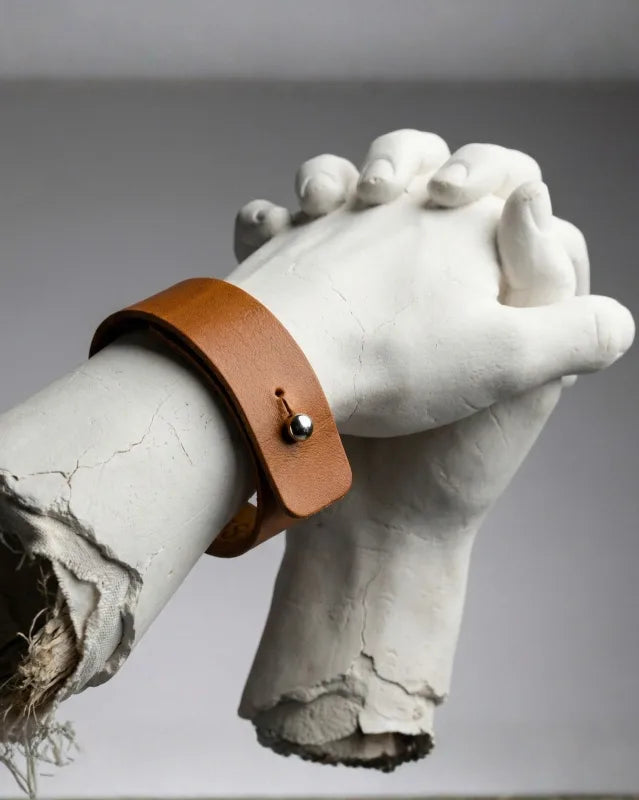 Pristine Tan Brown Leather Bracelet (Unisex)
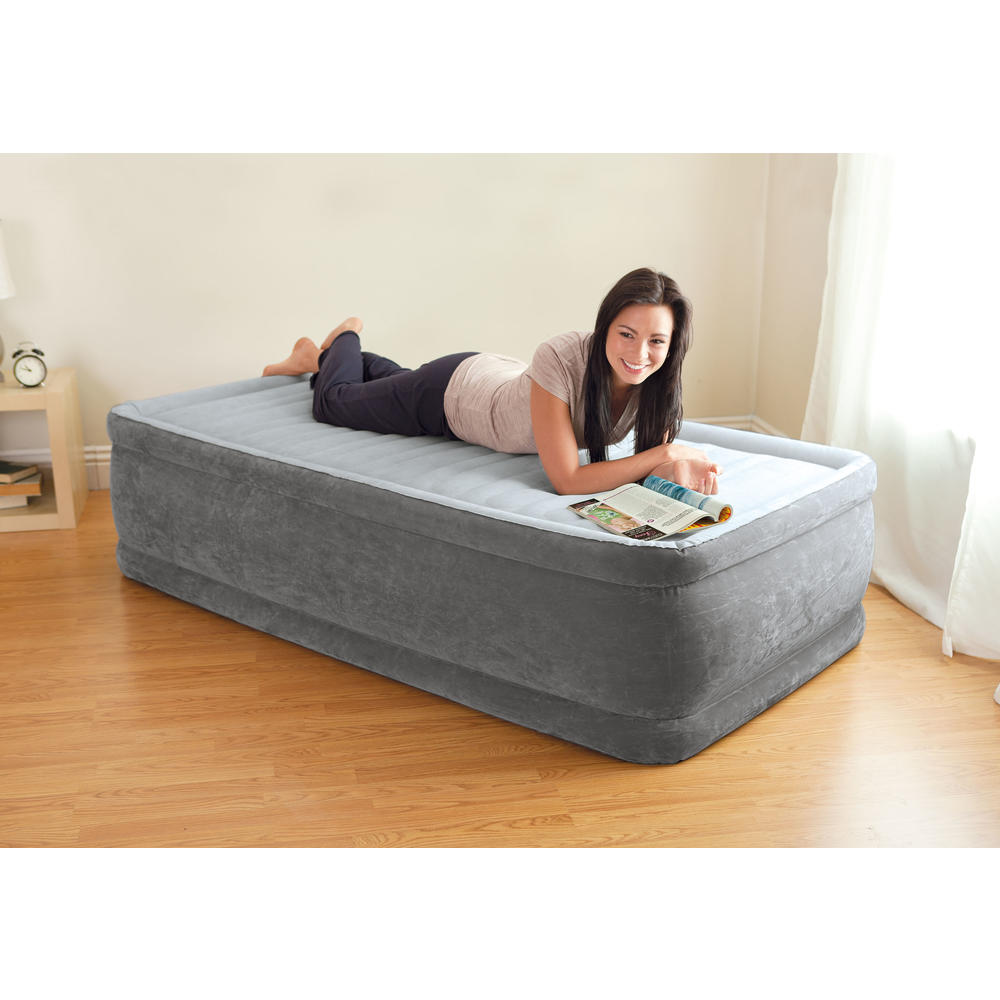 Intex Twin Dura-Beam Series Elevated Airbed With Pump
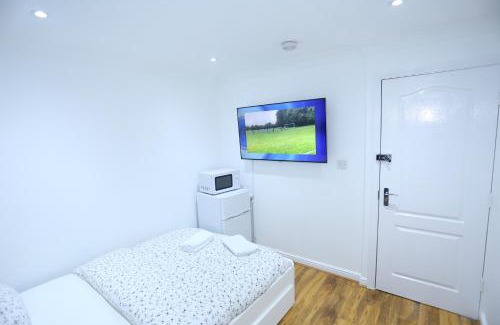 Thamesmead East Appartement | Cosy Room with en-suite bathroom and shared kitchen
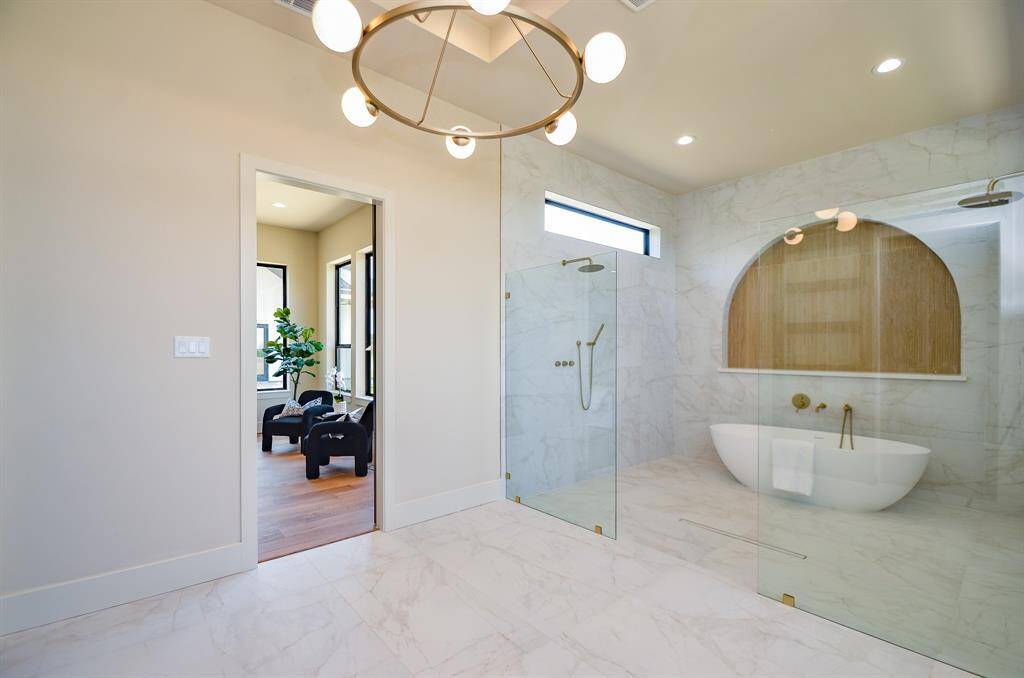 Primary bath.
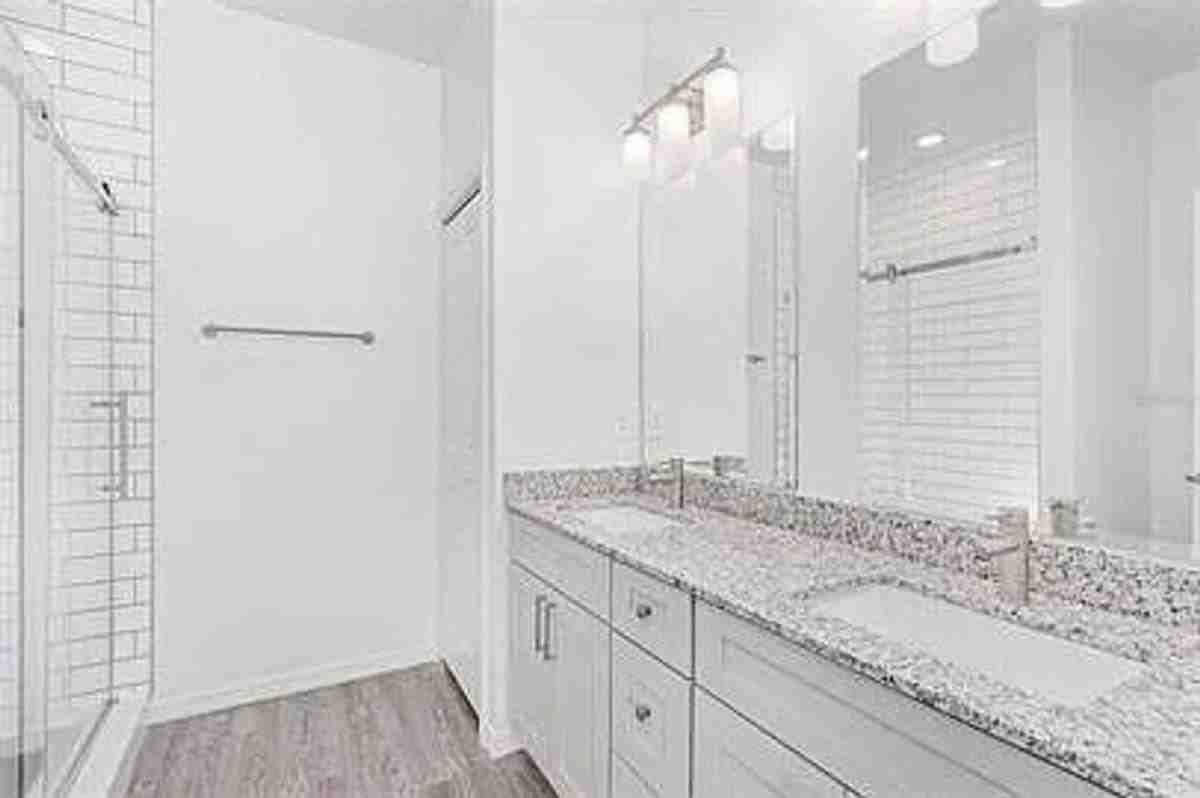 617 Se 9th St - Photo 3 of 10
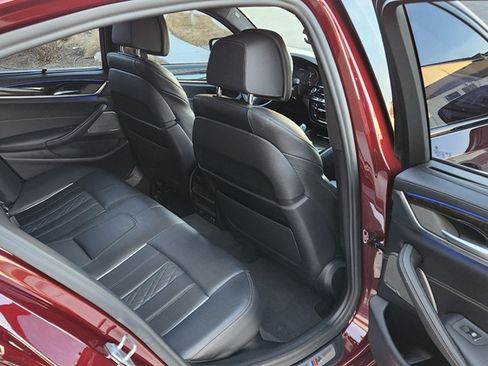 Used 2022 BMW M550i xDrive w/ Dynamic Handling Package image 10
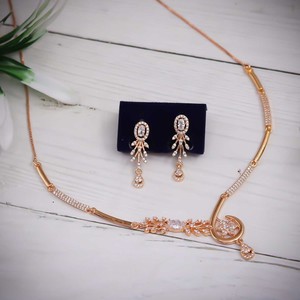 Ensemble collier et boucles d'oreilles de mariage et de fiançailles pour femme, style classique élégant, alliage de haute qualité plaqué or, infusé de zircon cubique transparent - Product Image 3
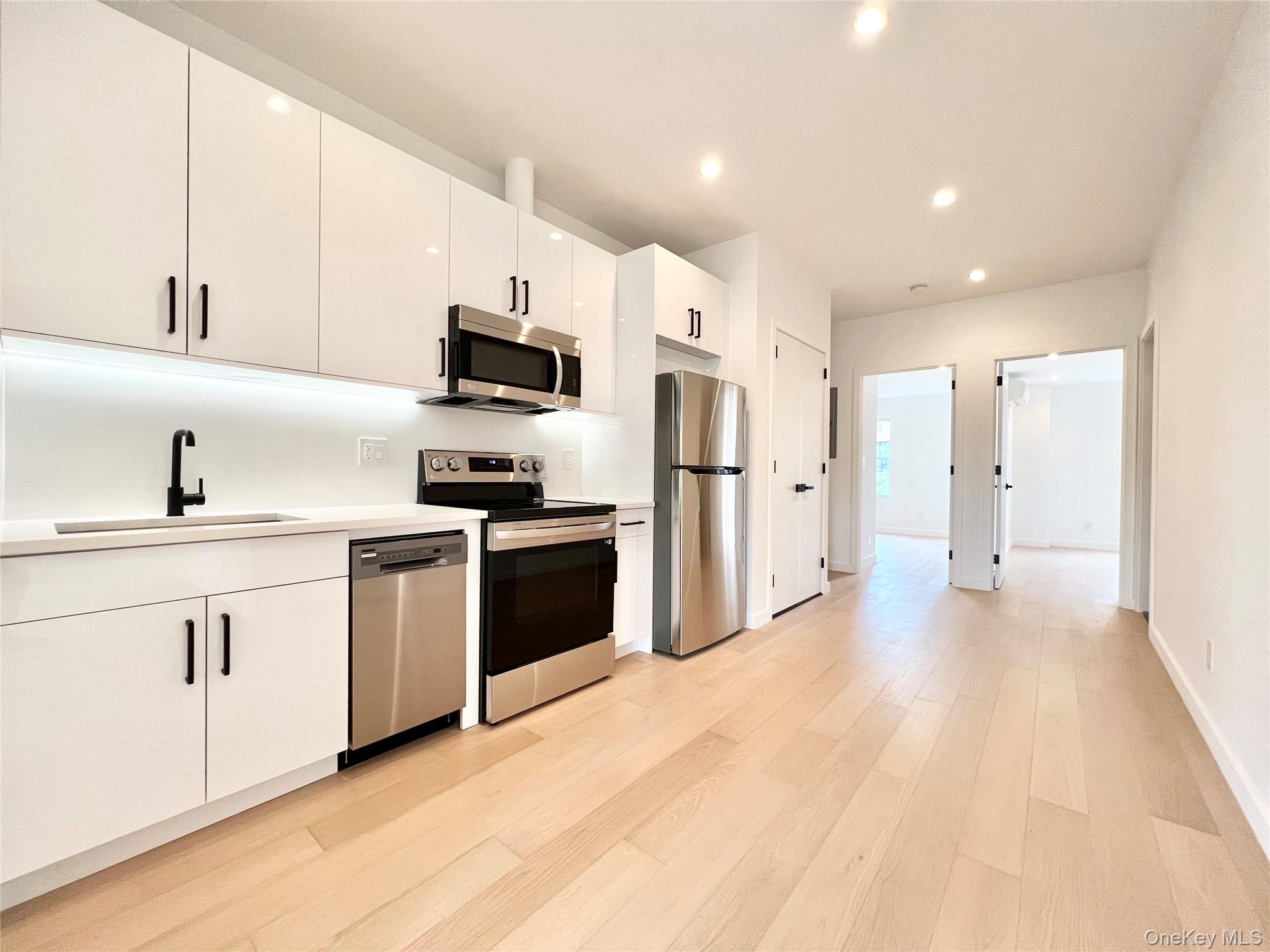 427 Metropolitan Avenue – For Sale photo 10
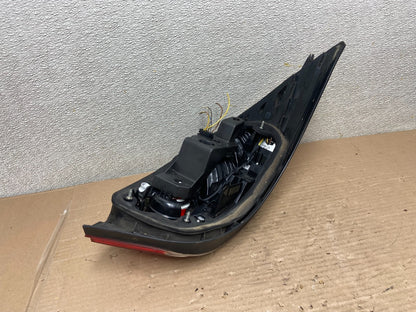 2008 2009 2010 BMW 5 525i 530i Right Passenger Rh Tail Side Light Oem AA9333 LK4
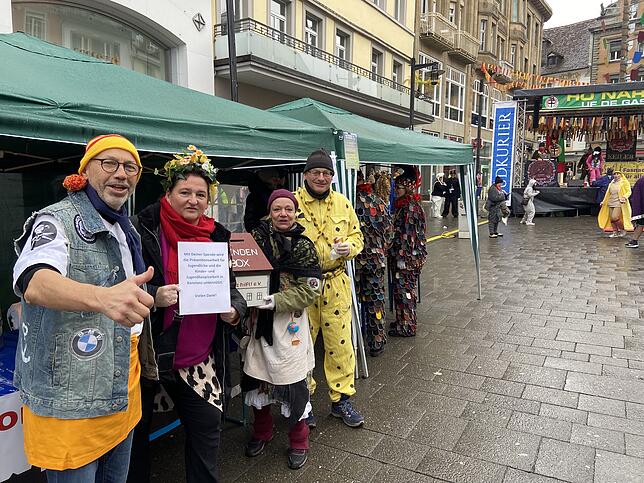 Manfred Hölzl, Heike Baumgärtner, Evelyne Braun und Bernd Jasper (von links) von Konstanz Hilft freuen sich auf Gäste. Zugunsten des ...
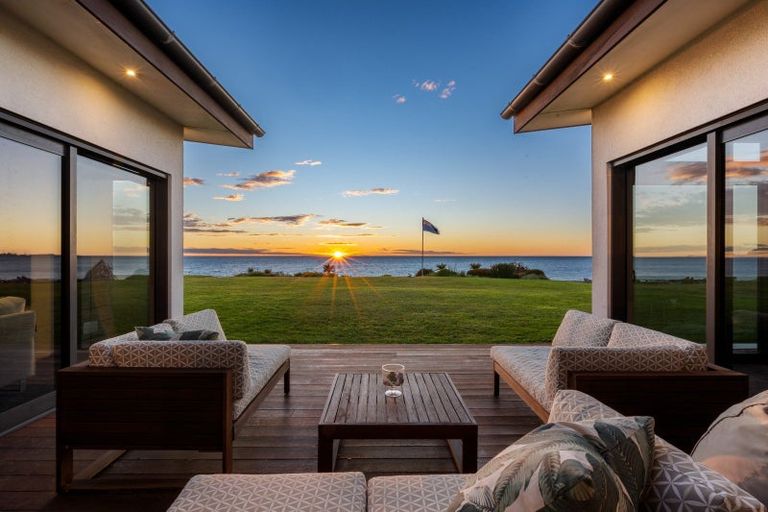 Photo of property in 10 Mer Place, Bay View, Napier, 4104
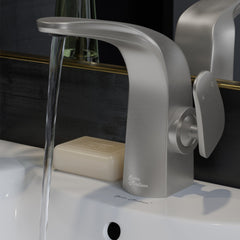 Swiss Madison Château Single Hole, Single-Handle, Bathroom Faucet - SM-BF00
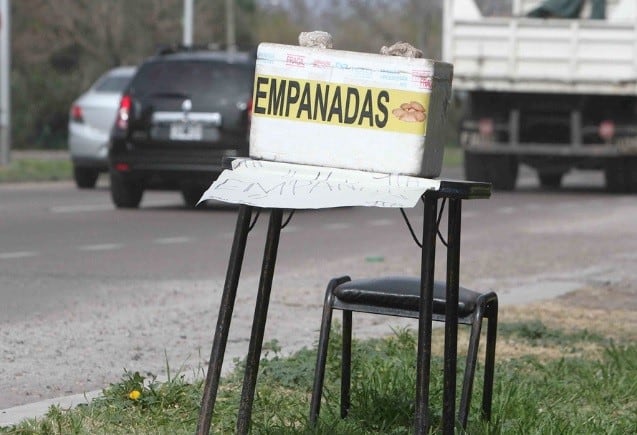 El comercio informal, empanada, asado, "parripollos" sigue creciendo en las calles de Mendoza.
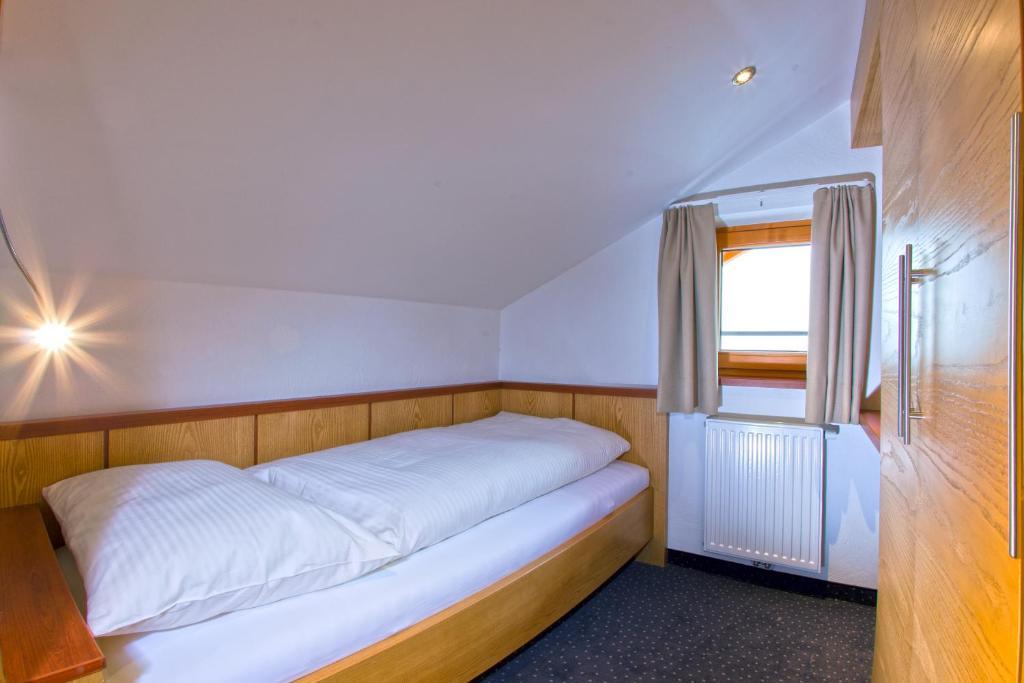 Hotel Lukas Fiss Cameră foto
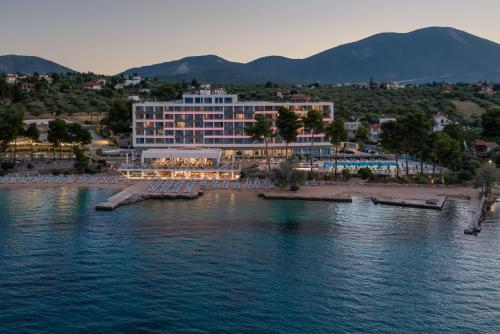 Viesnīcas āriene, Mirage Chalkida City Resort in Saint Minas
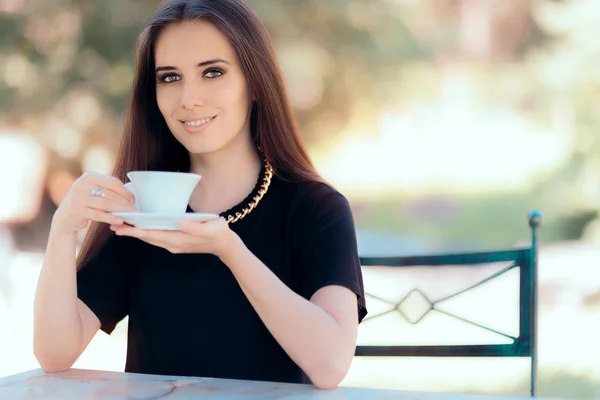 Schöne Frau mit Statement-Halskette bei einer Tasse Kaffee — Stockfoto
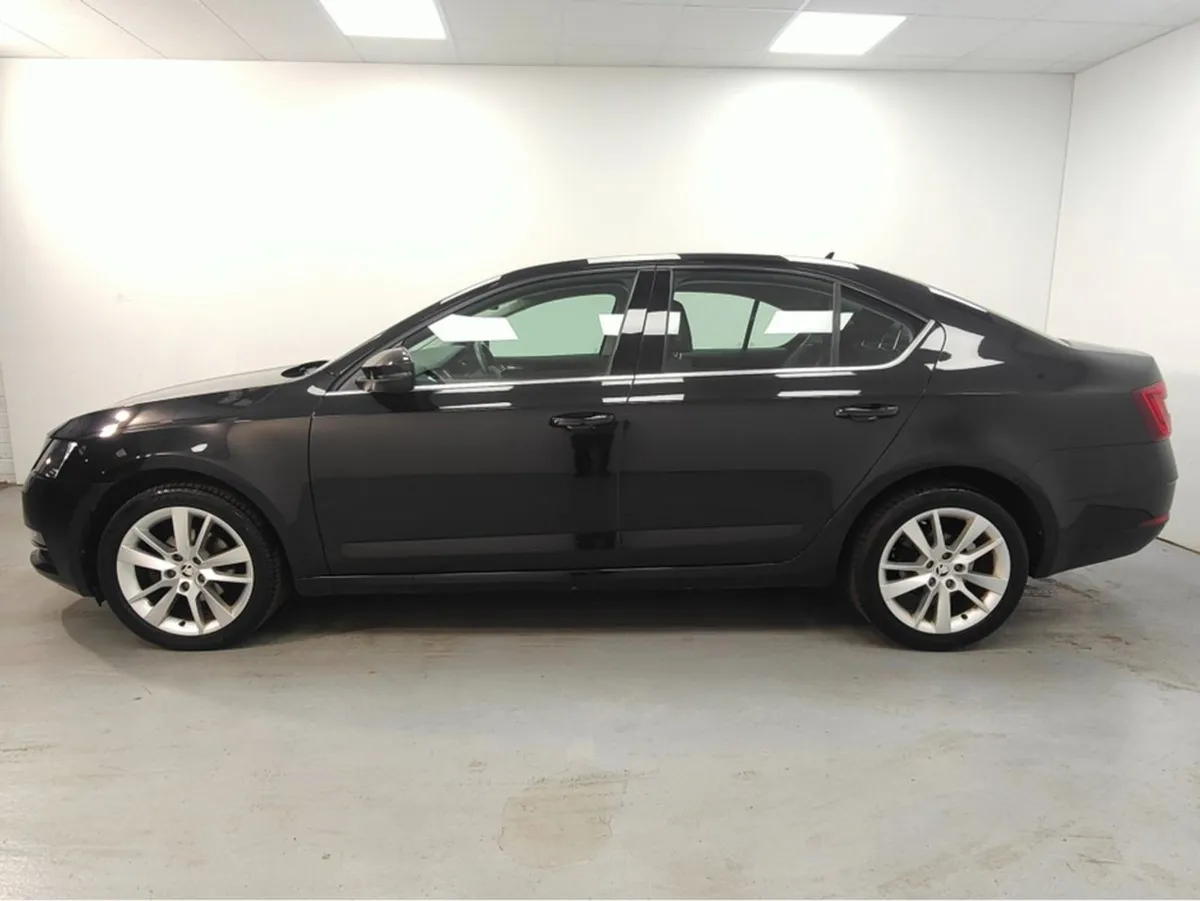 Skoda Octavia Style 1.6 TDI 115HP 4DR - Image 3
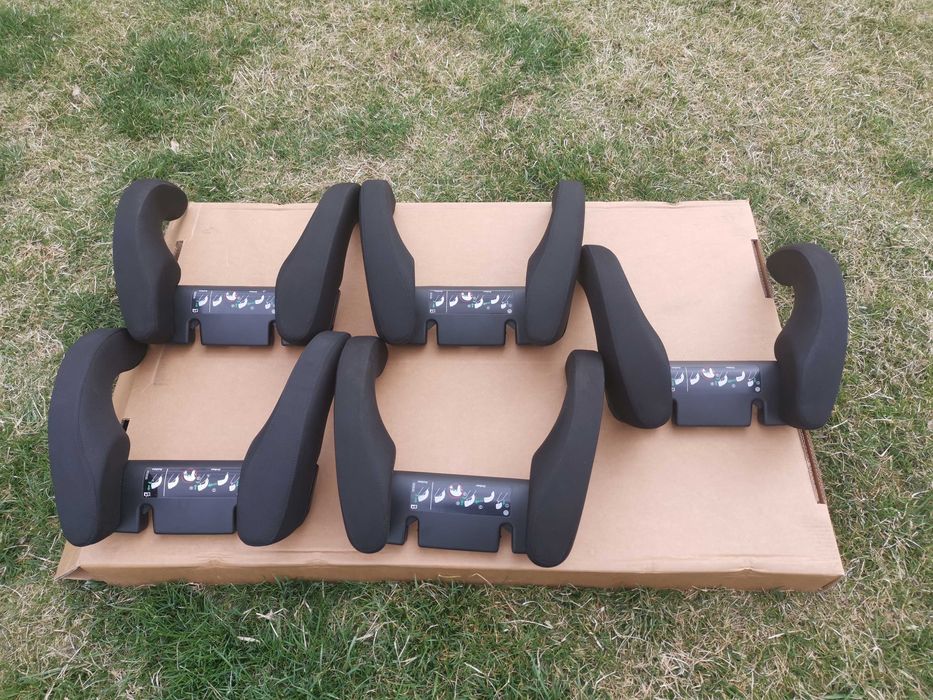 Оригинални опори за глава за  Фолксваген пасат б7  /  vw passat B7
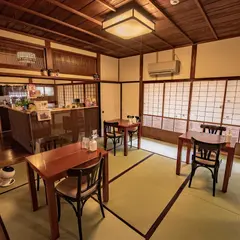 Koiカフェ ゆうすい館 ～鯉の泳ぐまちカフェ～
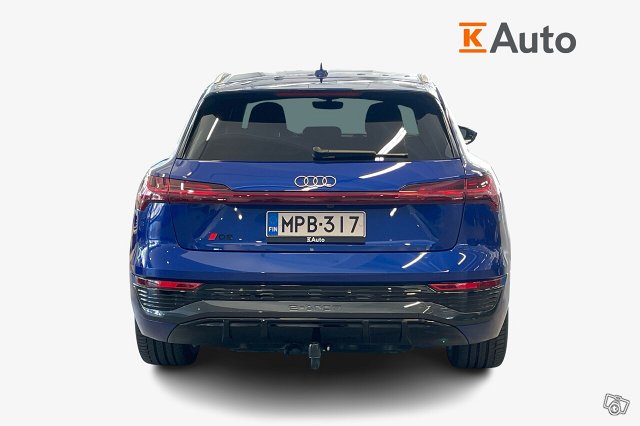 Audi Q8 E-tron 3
***
- [BRIEF]:
If a picture sits between the line containing "Ensemble collier et" and the line containing "2008 2009 2010", leave it out, and return the lines of that range above exactly, both ends included.

- [EXERCISE ANSWER]:
 Ensemble collier et boucles d'oreilles de mariage et de fiançailles pour femme, style classique élégant, alliage de haute qualité plaqué or, infusé de zircon cubique transparent - Product Image 3
 427 Metropolitan Avenue – For Sale photo 10
 2008 2009 2010 BMW 5 525i 530i Right Passenger Rh Tail Side Light Oem AA9333 LK4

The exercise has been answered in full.